From 2a7d5e1f5a6e51305e8c06d907c19974ce43f0fc Mon Sep 17 00:00:00 2001
From: liferecords <yjmm10@yeah.net>
Date: Tue, 5 Aug 2025 14:18:02 +0800
Subject: [PATCH] support infer  with transformers
MIME-Version: 1.0
Content-Type: text/plain; charset=UTF-8
Content-Transfer-Encoding: 8bit

add `--use_hf true` to use transformers，but the speed is very slower than vllm
---
 dots_ocr/parser.py | 81 ++++++++++++++++++++++++++++++++++++++++++++--
 1 file changed, 78 insertions(+), 3 deletions(-)

diff --git a/dots_ocr/parser.py b/dots_ocr/parser.py
index 1f1a1d8..f6648f1 100755
--- a/dots_ocr/parser.py
+++ b/dots_ocr/parser.py
@@ -31,6 +31,7 @@ class DotsOCRParser:
             output_dir="./output", 
             min_pixels=None,
             max_pixels=None,
+            use_hf=False,
         ):
         self.dpi = dpi
 
@@ -46,9 +47,72 @@ class DotsOCRParser:
         self.output_dir = output_dir
         self.min_pixels = min_pixels
         self.max_pixels = max_pixels
+
+        self.use_hf = use_hf
+        if self.use_hf:
+            self._load_hf_model()
+            print(f"use hf model, num_thread will be set to 1")
+        else:
+            print(f"use vllm model, num_thread will be set to {self.num_thread}")
         assert self.min_pixels is None or self.min_pixels >= MIN_PIXELS
         assert self.max_pixels is None or self.max_pixels <= MAX_PIXELS
 
+    def _load_hf_model(self):
+        import torch
+        from transformers import AutoModelForCausalLM, AutoProcessor, AutoTokenizer
+        from qwen_vl_utils import process_vision_info
+
+        model_path = "./weights/DotsOCR"
+        self.model = AutoModelForCausalLM.from_pretrained(
+            model_path,
+            attn_implementation="flash_attention_2",
+            torch_dtype=torch.bfloat16,
+            device_map="auto",
+            trust_remote_code=True
+        )
+        self.processor = AutoProcessor.from_pretrained(model_path,  trust_remote_code=True,use_fast=True)
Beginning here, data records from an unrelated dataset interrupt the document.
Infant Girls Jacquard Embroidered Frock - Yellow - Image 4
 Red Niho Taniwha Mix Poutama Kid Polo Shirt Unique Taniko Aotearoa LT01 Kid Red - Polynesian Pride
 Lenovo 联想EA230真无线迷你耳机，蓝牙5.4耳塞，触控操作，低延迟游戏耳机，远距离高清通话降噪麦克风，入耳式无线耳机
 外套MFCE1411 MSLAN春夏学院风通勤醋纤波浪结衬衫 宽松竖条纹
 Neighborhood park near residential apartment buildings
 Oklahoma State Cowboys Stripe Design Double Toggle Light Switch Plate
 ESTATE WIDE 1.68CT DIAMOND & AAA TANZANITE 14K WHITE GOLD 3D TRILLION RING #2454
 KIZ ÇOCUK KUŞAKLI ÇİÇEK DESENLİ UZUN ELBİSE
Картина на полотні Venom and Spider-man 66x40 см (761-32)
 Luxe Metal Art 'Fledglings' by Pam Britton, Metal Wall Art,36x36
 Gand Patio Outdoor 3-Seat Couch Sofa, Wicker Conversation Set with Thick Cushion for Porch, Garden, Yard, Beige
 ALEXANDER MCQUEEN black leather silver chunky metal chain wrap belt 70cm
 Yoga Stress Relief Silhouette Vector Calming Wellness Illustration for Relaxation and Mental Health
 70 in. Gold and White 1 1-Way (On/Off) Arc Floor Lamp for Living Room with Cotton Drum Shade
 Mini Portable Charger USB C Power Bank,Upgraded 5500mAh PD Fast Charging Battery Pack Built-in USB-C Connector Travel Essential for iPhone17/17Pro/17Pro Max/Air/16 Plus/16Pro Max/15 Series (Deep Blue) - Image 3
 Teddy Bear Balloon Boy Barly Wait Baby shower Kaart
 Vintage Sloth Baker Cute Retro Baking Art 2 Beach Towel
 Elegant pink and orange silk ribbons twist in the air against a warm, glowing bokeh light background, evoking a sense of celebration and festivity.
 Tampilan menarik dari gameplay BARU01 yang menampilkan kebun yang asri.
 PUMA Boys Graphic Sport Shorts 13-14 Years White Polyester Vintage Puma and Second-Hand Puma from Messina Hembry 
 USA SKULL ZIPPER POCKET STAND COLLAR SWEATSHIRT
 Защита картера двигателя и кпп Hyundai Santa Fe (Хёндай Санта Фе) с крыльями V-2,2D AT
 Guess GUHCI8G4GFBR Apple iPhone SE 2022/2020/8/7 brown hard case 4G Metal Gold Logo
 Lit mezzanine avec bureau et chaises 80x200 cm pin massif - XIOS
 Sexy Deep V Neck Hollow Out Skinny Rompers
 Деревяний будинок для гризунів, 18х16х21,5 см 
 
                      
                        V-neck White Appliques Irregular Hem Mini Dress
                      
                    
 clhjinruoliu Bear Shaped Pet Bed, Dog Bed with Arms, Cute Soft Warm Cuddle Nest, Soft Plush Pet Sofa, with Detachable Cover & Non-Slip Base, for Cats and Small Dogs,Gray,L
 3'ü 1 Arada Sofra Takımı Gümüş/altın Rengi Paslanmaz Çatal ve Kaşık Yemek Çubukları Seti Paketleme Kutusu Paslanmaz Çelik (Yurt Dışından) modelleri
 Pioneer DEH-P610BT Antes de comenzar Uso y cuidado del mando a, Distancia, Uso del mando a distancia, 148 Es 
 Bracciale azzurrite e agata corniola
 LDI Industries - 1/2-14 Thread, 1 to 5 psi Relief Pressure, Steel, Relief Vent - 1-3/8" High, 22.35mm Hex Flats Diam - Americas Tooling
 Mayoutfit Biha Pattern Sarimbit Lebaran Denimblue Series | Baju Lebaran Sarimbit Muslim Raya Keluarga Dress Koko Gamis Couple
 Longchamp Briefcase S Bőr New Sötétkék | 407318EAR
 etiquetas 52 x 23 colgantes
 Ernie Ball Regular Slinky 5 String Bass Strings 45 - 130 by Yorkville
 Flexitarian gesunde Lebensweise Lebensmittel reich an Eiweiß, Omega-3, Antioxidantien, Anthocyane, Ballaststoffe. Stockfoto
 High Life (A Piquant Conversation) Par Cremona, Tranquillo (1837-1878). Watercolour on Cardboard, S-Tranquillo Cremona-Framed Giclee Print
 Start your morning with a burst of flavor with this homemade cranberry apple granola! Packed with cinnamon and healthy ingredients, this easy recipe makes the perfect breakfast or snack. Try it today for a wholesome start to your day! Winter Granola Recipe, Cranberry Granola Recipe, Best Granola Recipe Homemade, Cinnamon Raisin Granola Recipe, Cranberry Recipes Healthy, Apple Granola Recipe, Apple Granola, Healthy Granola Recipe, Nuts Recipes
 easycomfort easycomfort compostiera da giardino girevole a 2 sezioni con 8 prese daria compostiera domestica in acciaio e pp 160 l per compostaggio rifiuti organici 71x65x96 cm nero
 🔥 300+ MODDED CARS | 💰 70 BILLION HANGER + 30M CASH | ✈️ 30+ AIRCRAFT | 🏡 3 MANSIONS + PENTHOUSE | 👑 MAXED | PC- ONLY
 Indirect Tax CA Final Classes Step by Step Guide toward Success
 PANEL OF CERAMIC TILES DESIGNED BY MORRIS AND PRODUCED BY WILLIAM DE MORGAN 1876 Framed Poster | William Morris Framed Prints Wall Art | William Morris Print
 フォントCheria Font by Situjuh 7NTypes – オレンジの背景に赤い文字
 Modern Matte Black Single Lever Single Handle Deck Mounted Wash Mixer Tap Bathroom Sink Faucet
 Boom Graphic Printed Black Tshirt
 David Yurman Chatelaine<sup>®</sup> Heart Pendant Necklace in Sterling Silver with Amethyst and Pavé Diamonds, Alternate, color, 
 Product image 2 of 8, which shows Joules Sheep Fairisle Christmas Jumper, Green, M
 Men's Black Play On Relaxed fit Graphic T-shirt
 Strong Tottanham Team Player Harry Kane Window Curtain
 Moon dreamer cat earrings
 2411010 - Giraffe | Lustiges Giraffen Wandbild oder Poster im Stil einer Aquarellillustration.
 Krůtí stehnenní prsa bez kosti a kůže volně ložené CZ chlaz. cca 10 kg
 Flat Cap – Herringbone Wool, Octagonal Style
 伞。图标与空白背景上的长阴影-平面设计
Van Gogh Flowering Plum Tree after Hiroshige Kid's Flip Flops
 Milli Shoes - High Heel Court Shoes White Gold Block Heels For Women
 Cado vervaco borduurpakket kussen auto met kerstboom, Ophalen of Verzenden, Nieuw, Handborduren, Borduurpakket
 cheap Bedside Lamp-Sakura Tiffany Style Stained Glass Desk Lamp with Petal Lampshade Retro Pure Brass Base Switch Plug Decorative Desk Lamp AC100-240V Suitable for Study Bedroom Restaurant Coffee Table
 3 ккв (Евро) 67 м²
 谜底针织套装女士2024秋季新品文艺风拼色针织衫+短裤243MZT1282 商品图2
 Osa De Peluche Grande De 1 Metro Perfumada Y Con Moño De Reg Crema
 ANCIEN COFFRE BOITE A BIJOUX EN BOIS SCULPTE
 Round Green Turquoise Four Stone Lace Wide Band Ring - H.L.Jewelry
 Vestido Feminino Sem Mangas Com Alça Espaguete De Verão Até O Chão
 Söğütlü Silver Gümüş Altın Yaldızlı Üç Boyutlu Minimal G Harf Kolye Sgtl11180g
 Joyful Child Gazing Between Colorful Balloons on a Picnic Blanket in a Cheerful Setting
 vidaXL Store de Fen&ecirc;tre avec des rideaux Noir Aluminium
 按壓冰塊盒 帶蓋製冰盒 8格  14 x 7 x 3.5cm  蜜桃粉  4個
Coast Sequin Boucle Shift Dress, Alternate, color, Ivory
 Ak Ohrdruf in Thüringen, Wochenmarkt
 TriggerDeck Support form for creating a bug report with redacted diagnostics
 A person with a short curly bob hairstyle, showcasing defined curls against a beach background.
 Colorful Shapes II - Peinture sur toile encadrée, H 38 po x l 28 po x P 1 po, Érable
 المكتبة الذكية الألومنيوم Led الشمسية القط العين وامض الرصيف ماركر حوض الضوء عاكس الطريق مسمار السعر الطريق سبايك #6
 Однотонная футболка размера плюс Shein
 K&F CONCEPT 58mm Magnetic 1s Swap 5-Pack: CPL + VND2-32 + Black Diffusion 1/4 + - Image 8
+        self.process_vision_info = process_vision_info
+
+    def _inference_with_hf(self, image, prompt):
+        messages = [
+            {
+                "role": "user",
+                "content": [
+                    {
+                        "type": "image",
+                        "image": image
+                    },
+                    {"type": "text", "text": prompt}
+                ]
+            }
+        ]
+
+        # Preparation for inference
+        text = self.processor.apply_chat_template(
+            messages, 
+            tokenize=False, 
+            add_generation_prompt=True
+        )
+        image_inputs, video_inputs = self.process_vision_info(messages)
+        inputs = self.processor(
+            text=[text],
+            images=image_inputs,
+            videos=video_inputs,
+            padding=True,
+            return_tensors="pt",
+        )
+
+        inputs = inputs.to("cuda")
+
+        # Inference: Generation of the output
+        generated_ids = self.model.generate(**inputs, max_new_tokens=24000)
+        generated_ids_trimmed = [
+            out_ids[len(in_ids) :] for in_ids, out_ids in zip(inputs.input_ids, generated_ids)
+        ]
+        response = self.processor.batch_decode(
+            generated_ids_trimmed, skip_special_tokens=True, clean_up_tokenization_spaces=False
+        )[0]
+        return response
 
     def _inference_with_vllm(self, image, prompt):
         response = inference_with_vllm(
@@ -98,7 +162,10 @@ class DotsOCRParser:
             image = fetch_image(origin_image, min_pixels=min_pixels, max_pixels=max_pixels)
         input_height, input_width = smart_resize(image.height, image.width)
         prompt = self.get_prompt(prompt_mode, bbox, origin_image, image, min_pixels=min_pixels, max_pixels=max_pixels)
-        response = self._inference_with_vllm(image, prompt)
+        if self.use_hf:
+            response = self._inference_with_hf(image, prompt)
+        else:
+            response = self._inference_with_vllm(image, prompt)
         result = {'page_no': page_idx,
             "input_height": input_height,
             "input_width": input_width
@@ -206,7 +273,10 @@ class DotsOCRParser:
         def _execute_task(task_args):
             return self._parse_single_image(**task_args)
 
-        num_thread = min(total_pages, self.num_thread)
+        if self.use_hf:
+            num_thread =  1
+        else:
+            num_thread = min(total_pages, self.num_thread)
         print(f"Parsing PDF with {total_pages} pages using {num_thread} threads...")
 
         results = []
@@ -321,6 +391,10 @@ def main():
         "--max_pixels", type=int, default=None,
         help=""
     )
+    parser.add_argument(
+        "--use_hf", type=bool, default=False,
+        help=""
+    )
     args = parser.parse_args()
 
     dots_ocr_parser = DotsOCRParser(
@@ -335,6 +409,7 @@ def main():
         output_dir=args.output, 
         min_pixels=args.min_pixels,
         max_pixels=args.max_pixels,
+        use_hf=args.use_hf,
     )
 
     result = dots_ocr_parser.parse_file(
@@ -346,4 +421,4 @@ def main():
 
 
 if __name__ == "__main__":
-    main()
\ No newline at end of file
+    main()